┌──
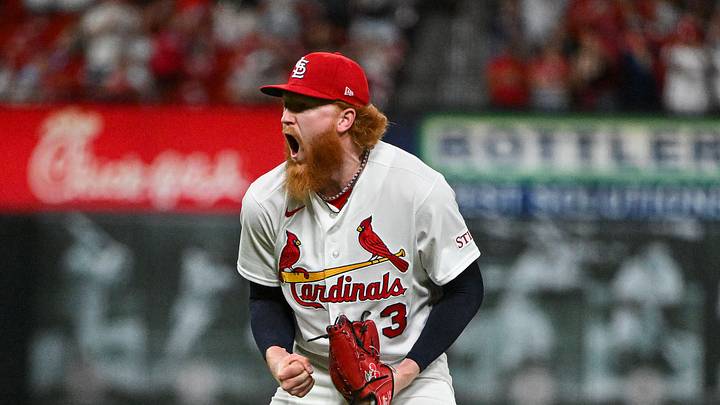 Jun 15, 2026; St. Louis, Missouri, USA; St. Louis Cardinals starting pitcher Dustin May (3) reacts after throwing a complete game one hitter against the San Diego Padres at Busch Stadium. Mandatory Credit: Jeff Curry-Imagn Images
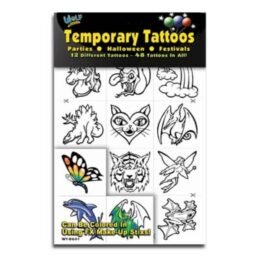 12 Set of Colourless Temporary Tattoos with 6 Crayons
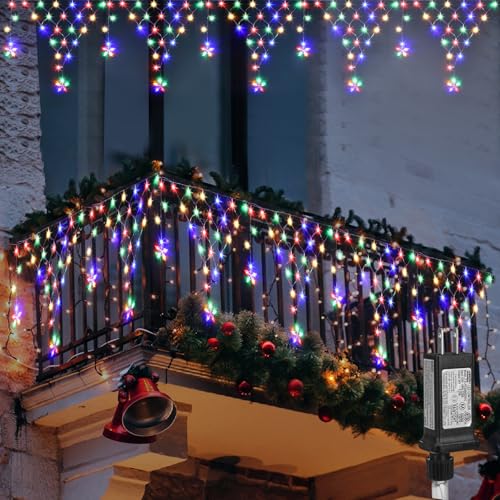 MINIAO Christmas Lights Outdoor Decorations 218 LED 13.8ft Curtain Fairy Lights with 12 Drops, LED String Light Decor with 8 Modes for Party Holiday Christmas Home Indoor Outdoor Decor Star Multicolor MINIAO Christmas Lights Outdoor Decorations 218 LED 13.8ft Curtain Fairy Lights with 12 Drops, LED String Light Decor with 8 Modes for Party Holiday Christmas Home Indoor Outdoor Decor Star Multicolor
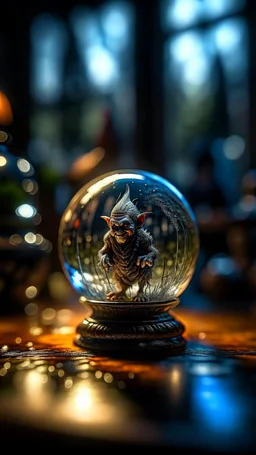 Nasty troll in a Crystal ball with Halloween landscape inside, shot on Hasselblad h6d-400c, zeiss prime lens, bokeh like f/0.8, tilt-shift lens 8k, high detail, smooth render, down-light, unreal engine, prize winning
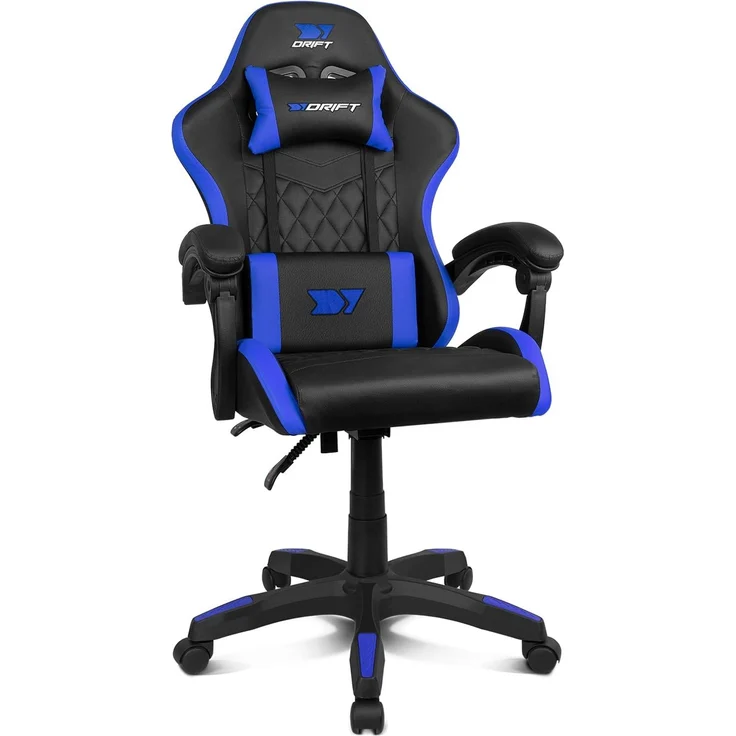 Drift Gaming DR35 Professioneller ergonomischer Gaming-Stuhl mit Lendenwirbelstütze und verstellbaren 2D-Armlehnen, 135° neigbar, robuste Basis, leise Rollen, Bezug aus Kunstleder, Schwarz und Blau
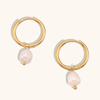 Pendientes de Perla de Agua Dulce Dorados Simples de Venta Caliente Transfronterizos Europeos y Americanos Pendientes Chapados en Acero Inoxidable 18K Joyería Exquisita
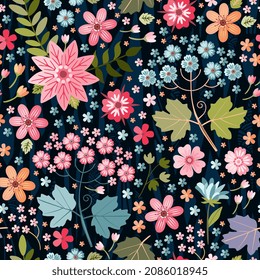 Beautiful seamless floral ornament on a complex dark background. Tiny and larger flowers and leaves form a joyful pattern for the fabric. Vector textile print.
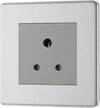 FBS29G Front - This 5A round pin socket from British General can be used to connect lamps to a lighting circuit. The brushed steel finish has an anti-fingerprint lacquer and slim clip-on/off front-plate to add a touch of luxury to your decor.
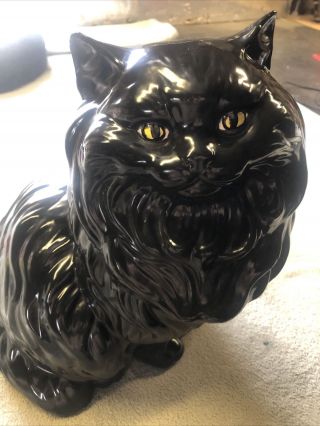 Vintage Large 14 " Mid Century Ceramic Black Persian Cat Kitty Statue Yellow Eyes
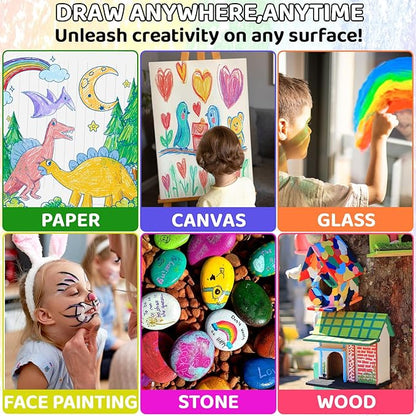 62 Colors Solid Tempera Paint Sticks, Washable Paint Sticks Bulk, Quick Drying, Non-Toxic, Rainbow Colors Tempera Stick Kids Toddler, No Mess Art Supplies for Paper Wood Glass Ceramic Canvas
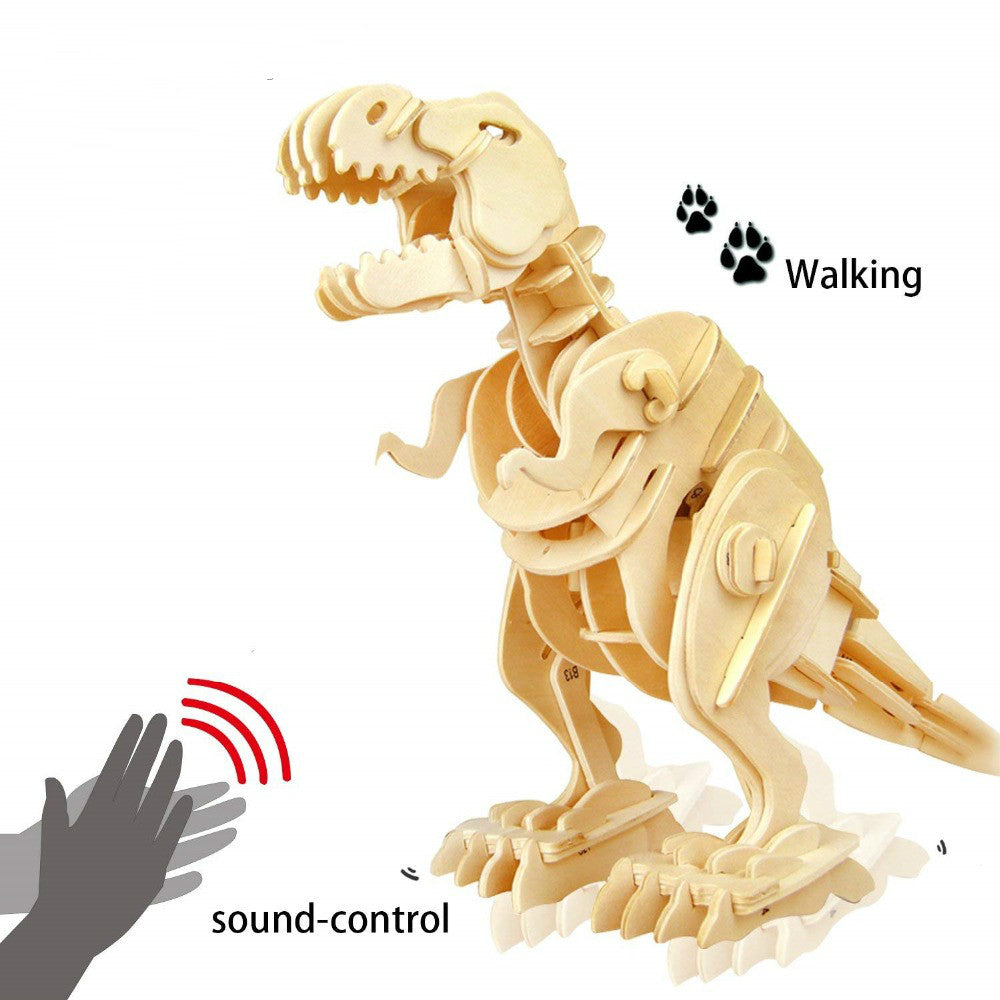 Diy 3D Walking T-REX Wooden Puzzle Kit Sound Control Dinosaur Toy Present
└──
┌──
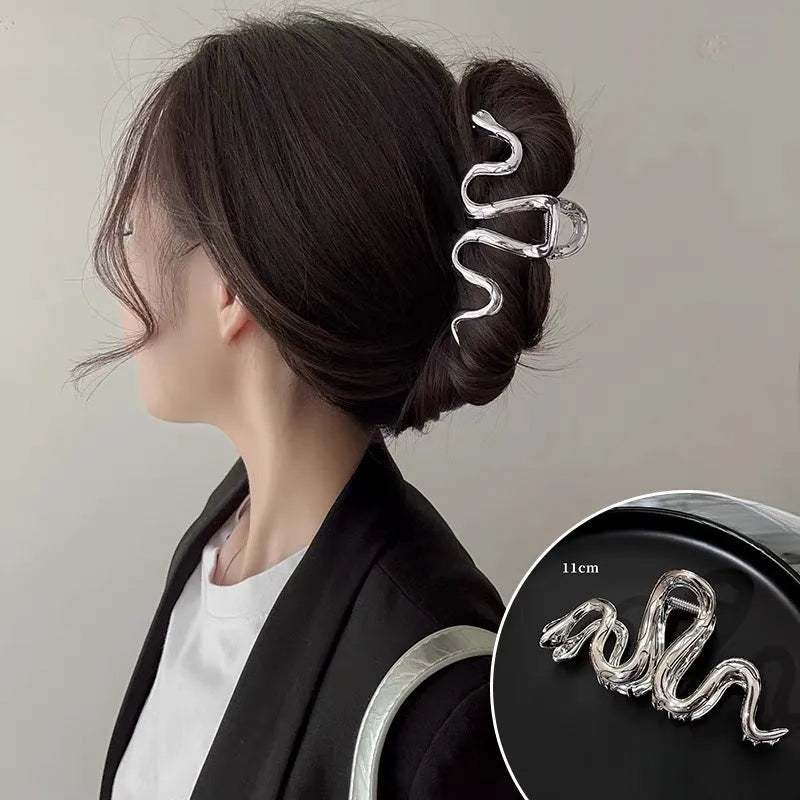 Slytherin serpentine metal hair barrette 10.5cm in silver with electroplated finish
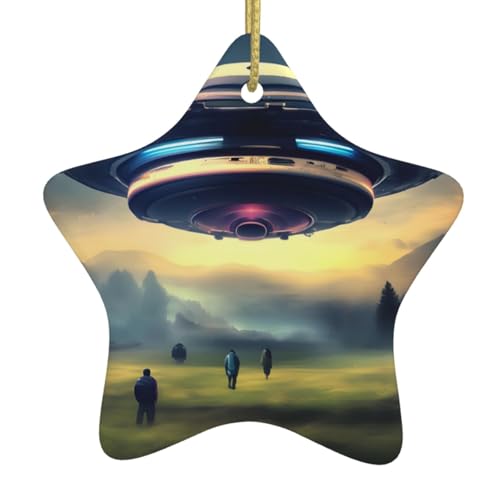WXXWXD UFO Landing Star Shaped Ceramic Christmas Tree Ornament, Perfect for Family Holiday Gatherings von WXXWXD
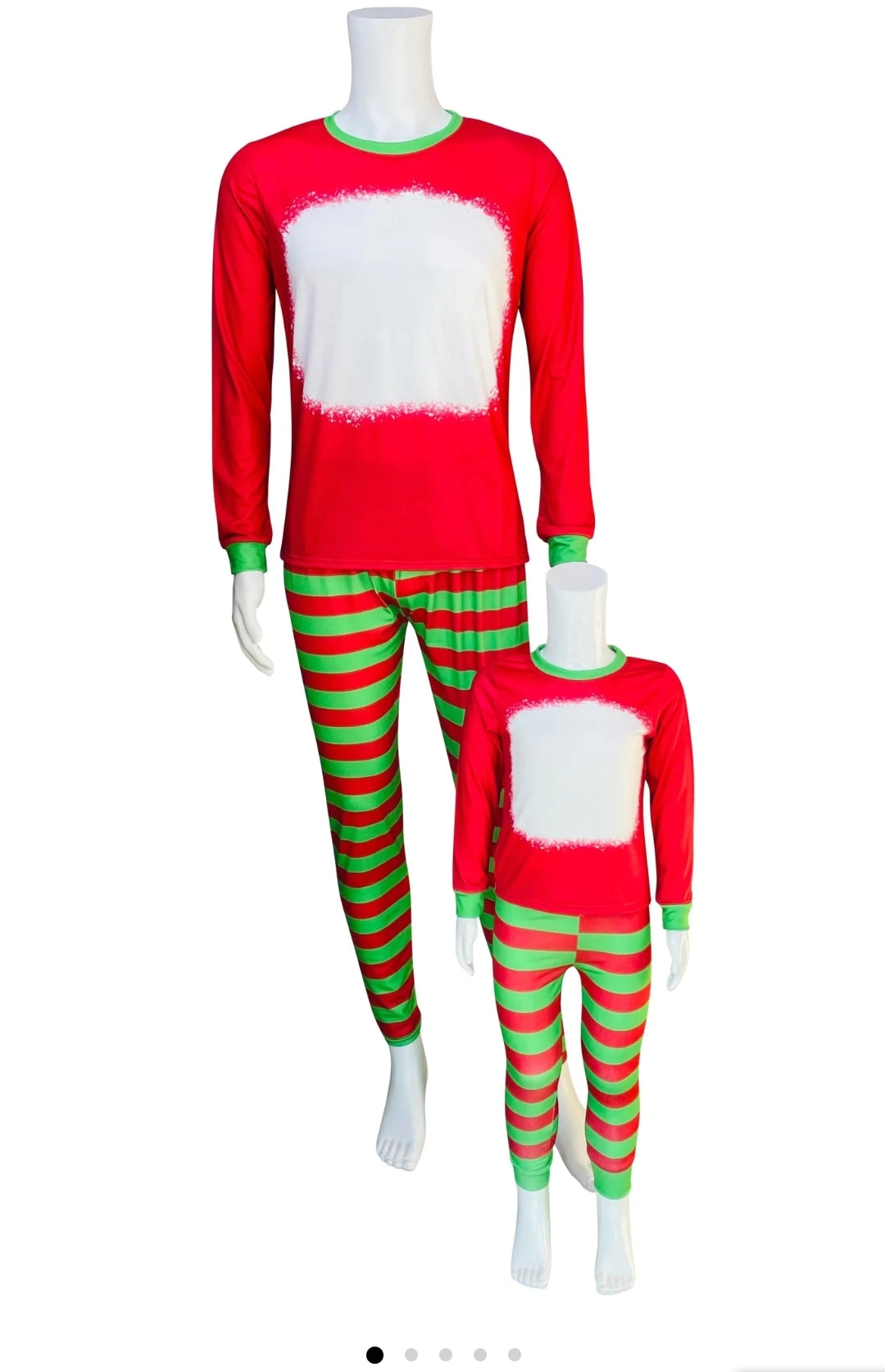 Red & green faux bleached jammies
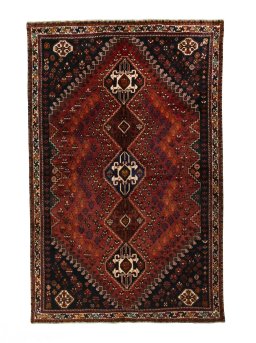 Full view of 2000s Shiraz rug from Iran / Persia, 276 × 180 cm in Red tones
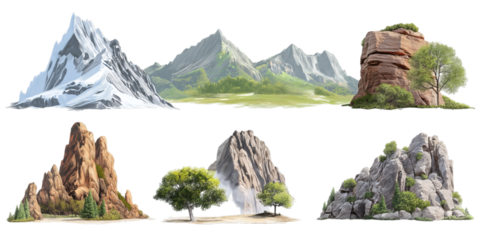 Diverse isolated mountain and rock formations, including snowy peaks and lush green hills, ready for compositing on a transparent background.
└──
┌──
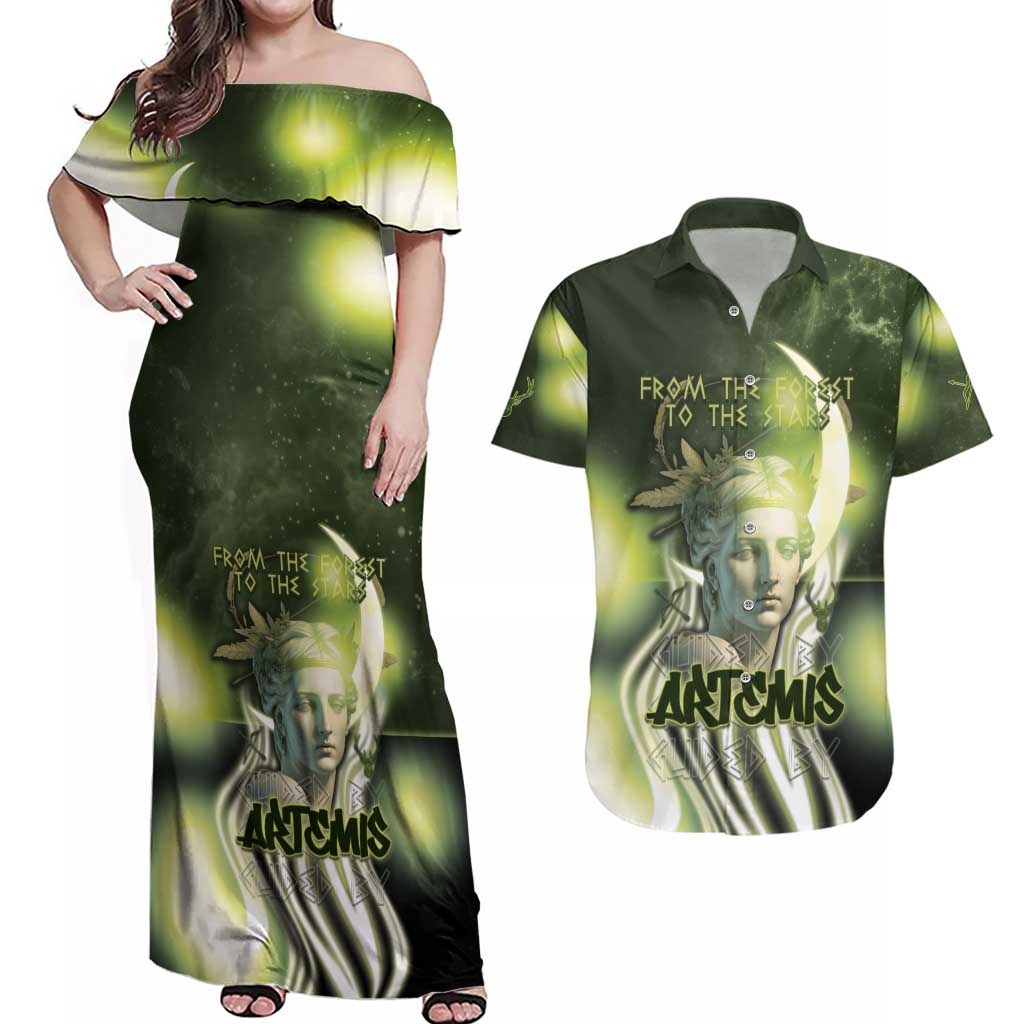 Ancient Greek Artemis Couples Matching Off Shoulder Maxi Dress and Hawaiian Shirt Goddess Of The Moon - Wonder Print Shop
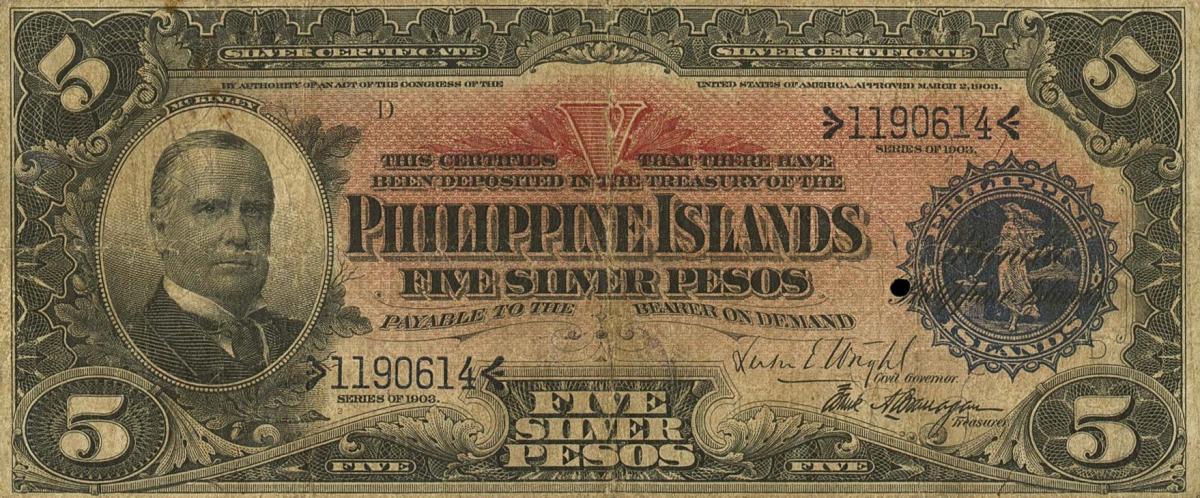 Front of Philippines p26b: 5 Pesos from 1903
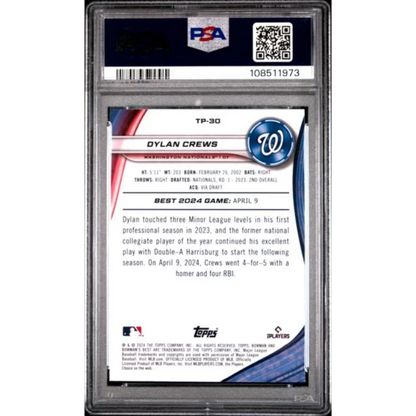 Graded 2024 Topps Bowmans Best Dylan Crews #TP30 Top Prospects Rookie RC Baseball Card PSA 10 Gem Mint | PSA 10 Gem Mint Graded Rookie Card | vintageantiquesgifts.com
└──
What the task asks: Beginning with the line that contains "Nasty troll in" and ending with the line that contains "Beautiful seamless floral", reproduce the listing exactly, pictures excluded.

Solution to the exercise:
 Nasty troll in a Crystal ball with Halloween landscape inside, shot on Hasselblad h6d-400c, zeiss prime lens, bokeh like f/0.8, tilt-shift lens 8k, high detail, smooth render, down-light, unreal engine, prize winning
 Drift Gaming DR35 Professioneller ergonomischer Gaming-Stuhl mit Lendenwirbelstütze und verstellbaren 2D-Armlehnen, 135° neigbar, robuste Basis, leise Rollen, Bezug aus Kunstleder, Schwarz und Blau
 Pendientes de Perla de Agua Dulce Dorados Simples de Venta Caliente Transfronterizos Europeos y Americanos Pendientes Chapados en Acero Inoxidable 18K Joyería Exquisita
 Beautiful seamless floral ornament on a complex dark background. Tiny and larger flowers and leaves form a joyful pattern for the fabric. Vector textile print.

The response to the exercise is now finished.